A alteração nessas certidões de óbito atende a uma determinação do Conselho Nacional de Justiça (CNJ), de dezembro do ano passado, para que cartórios de registro civil retifiquem e alterem os documentos de pessoas mortas e desaparecidas políticas.

Pai, companheiro e irmão desaparecidos políticos

Victoria Grabois tem uma história dramática com a ditadura. Os militares mataram e desapareceram com os corpos de seu pai (Maurício Grabois), de seu irmão (André Grabois) e de seu companheiro (Gilberto Olimpio). Todos atuaram na Guerrilha do Araguaia. Victoria vai em busca das certidões retificadas e atualizadas, com pedido diretamente ao cartório.

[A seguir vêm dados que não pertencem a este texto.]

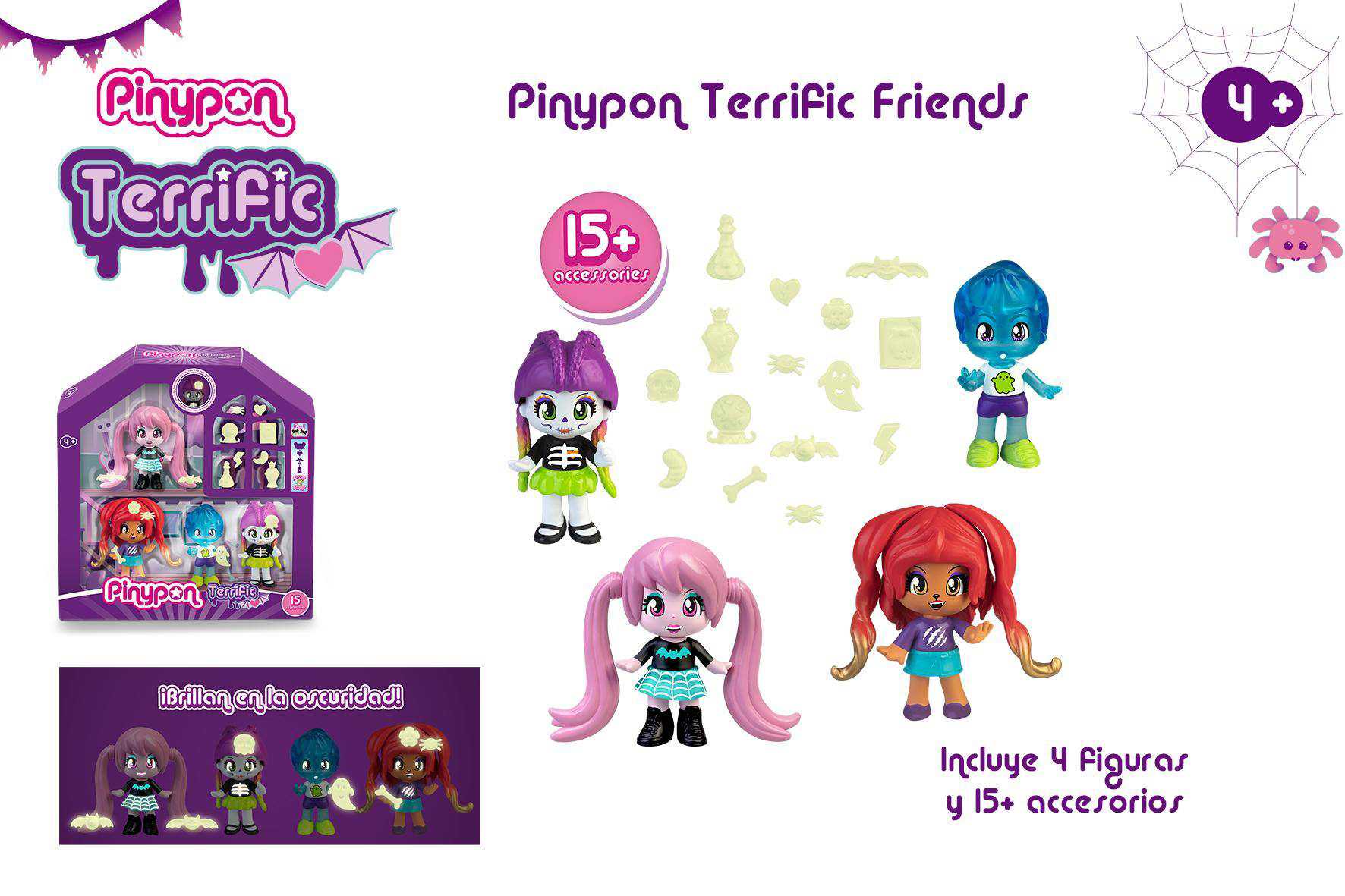 pinypon terrific friends (pny47000)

A certidão expedida de seu marido, Gilberto, a antiga, ignora a história. Cita como “desconhecido” o local de seu falecimento; “ignorada” a causa de sua morte; e o sepultamento em “cemitério ignorado”.

“A importância da retificação das certidões de óbitos dos mortos e desaparecidos durante a ditadura civil-militar no Brasil é muito importante porque o Estado brasileiro reconhece que foi ele, o Estado, o responsável pelos desaparecimentos de 434 brasileiros e brasileiras que lutaram contra o arbítrio e pela democracia”, disse Victoria Grabois, que considera essa iniciativa, porém, insuficiente.

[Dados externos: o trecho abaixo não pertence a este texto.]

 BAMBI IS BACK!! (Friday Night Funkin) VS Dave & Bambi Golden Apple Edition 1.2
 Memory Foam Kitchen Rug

“Mas isso ainda é muito pouco. Nós queremos saber como, quando, onde e quem matou nossos familiares. E para que isto aconteça, faz-se necessário abrir os arquivos da ditadura e cumprir a sentença do Araguaia (da CIDH, em  2010, e que determinou a localização dos restos mortais dos desaparecidos e a elucidação das circunstâncias das mortes).

 

Abaixo, Victoria Grabois com as certidões ainda não retificadas de Maurício e Gilberto. / Foto: Arquivo pessoal

 

O filme também provocou familiares a entrarem com processos na comissão, com pedidos de reconhecimento da perseguição do Estado sobre a morte e desaparecimento de familiares. A comissão se debruça ainda sobre a reabertura das investigações da morte do ex-presidente Juscelino Kubitschek, ocorrida em 1976, na rodovia Presidente Dutra.

Diva Santana também entende que o filme incrementou o debate sobre a ditadura e moveu familiares a agir.

“O filme trouxe luz. Como conta uma história da ditadura muito leve está tocando o coração das pessoas. Tem a história da família e leva essa informação e clareia o entendimento das pessoas. E o filme está promovendo também que as pessoas percam o medo de falar, de procurar, de buscar. Isso, esse medo, as famílias tinham, e tem, muito ainda”, disse Diva Santana.

Ex-ministro dos Direitos Humanos, Nilmário Miranda celebra a contribuição de “Ainda Estou Aqui” em alavancar não só o debate como ações de reparação da verdade, memória e justiça.

“Este 2025 será um ano de muitos feitos nessa área. Desde entrega das certidões retificadas, como julgamentos importantes, como a reabertura do caso da morte de JK, e muitas outras iniciativas”, disse Nilmário, que é Assessor Especial de Defesa da Democracia, Memória e Verdade do Ministério dos Direitos Humanos.